Content starts
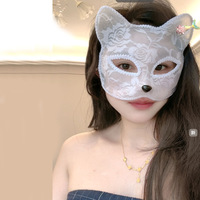 Cat Face Lace Mystery Cat Eye Half Face Mask - Thumbnail 2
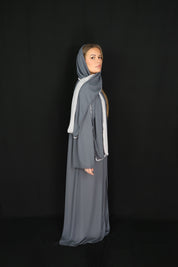 Abaya BICOLORE Bleu-gris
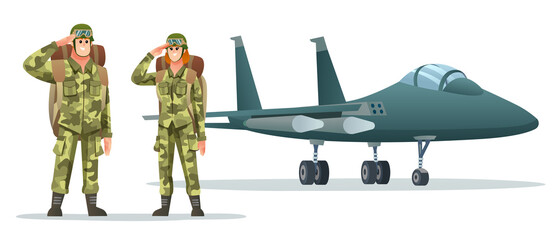 Wall Mural - Man and woman army soldier carrying backpack characters with military jet plane cartoon illustration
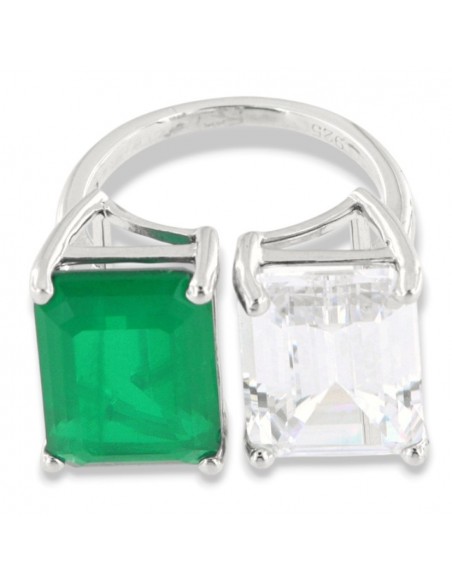 Anello Argento Rodiato Zirconi Rettangolari Verde [21d944e8]
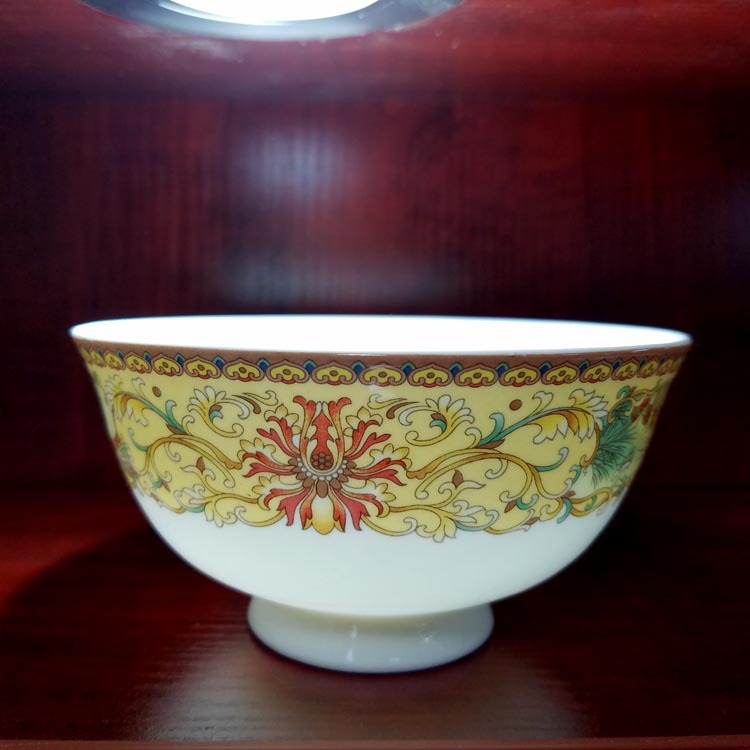 景德镇瓷做寿碗高脚碗高温陶瓷碗米饭碗寿碗寺庙加字定制万寿无疆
Content ends
● TASK OBJECTIVE
The result should be the listing above, restated exactly, with no pictures in it.

● SOLUTION
 Cat Face Lace Mystery Cat Eye Half Face Mask - Thumbnail 2
 Abaya BICOLORE Bleu-gris
 Wall Mural - Man and woman army soldier carrying backpack characters with military jet plane cartoon illustration
 Anello Argento Rodiato Zirconi Rettangolari Verde [21d944e8]
 景德镇瓷做寿碗高脚碗高温陶瓷碗米饭碗寿碗寺庙加字定制万寿无疆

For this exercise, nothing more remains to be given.